De acuerdo con su tema, el relato de Herrera es arqueológico: desentierra una historia de la que, como indica, “quedan pocos rastros”. Los fragmentos del expediente que registra el suceso distinguen ya entre los “hombres favoritos” y los que “desde siempre estuvieron condenados”. Lo que parecería una cuestión de destino corresponde, sin embargo, a algo mucho más pedestre: se trata de la estructuración clasista y de dominación biopolítica que forma parte de la historia de América desde el Descubrimiento, y que ha sido refrendada por la política nacional, en todas sus etapas.
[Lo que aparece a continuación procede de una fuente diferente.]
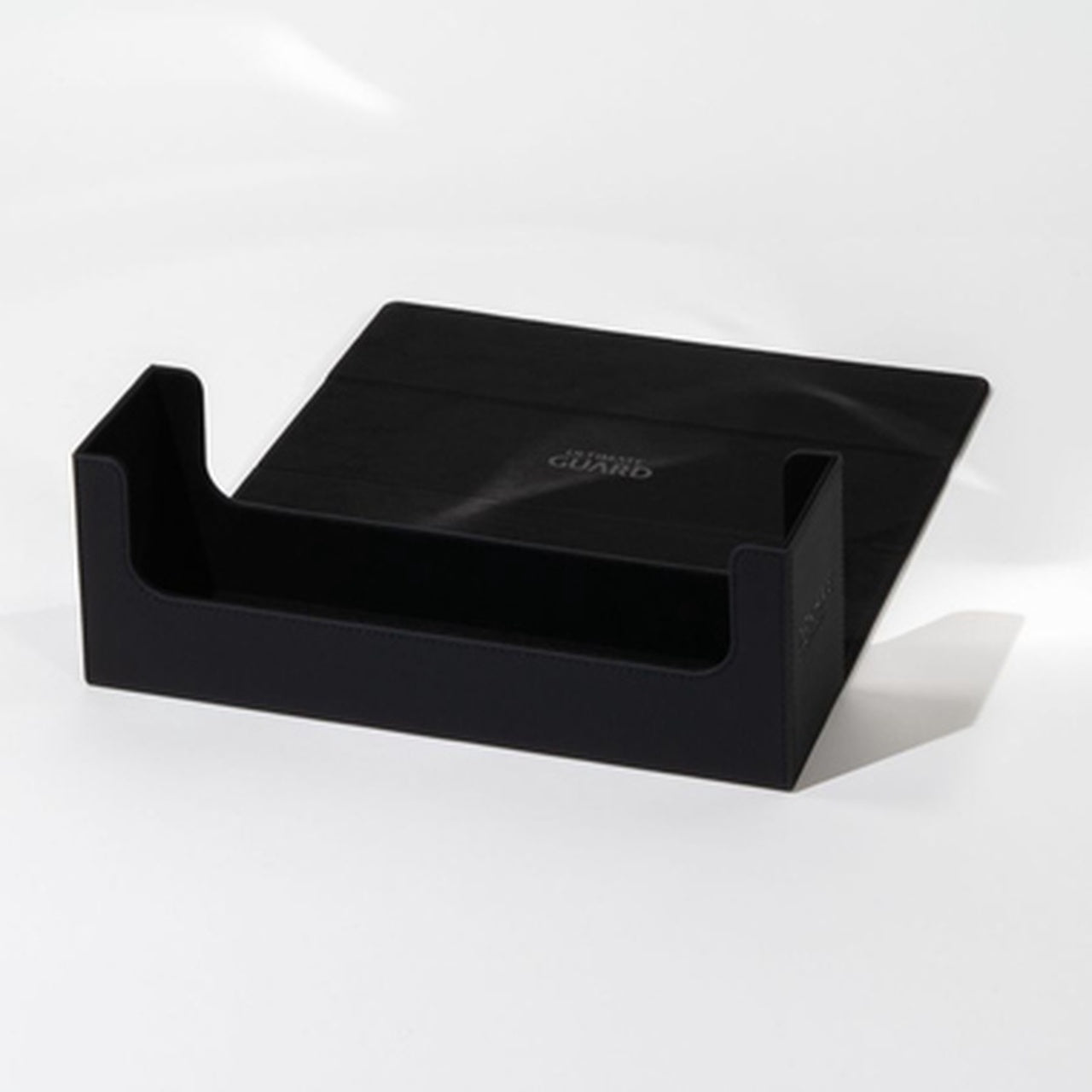 Ultimate Guard - Arkhive 400+ Xenoskin Monocolor - Black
Una serie de ausencias y silencios marcan, como un presagio, la catástrofe que se aproxima: no sonaron las campanas de alerta, no se vieron las llamas, pero el olor a madera quemada y el aire caliente delatan el suceso. La lógica del texto de Herrera es ir pautando un proceso de toma de decisiones sobre quien vive o muere en la mina El Bordo, en un contexto de acelerada temporalidad, avivada por el avance implacable del fuego.

Los distintos niveles de la mina parecen indicar, azarosamente, diferentes grados de conciencia. Los nombres de los hombres se recuperan como señales de identidad: Delfino Rendón, Agustín Hernández, Edmundo Olascoaga, Antonio López de Nava, José Linares, y se van sucediendo a lo largo del texto personalizando a quienes eran mucho más que mano de obra barata, seres de carne y hueso, con familias, historias personales, funciones y sentimientos de solidaridad por sus compañeros de infortunio. Las jaulas que suben a los hombres a la superficie van extrayendo a algunos y dejando a muchos detrás, pero arrastran también indicios de la muerte: “Cisneros dijo haber visto masa encefálica en una de las sogas de las chalupas, y jirones de ropa, seguramente de alguien que al ver la chalupa pasar intentó prenderla en su vuelta a la superficie” (IMB 16). La forma grotesca en que se manifiesta el clima de muerte apunta a la precariedad de las medidas de seguridad que debían proteger a los trabajadores, y contrastan con la aséptica relación de informes oficiales, que buscan des-dramatizar la catástrofe.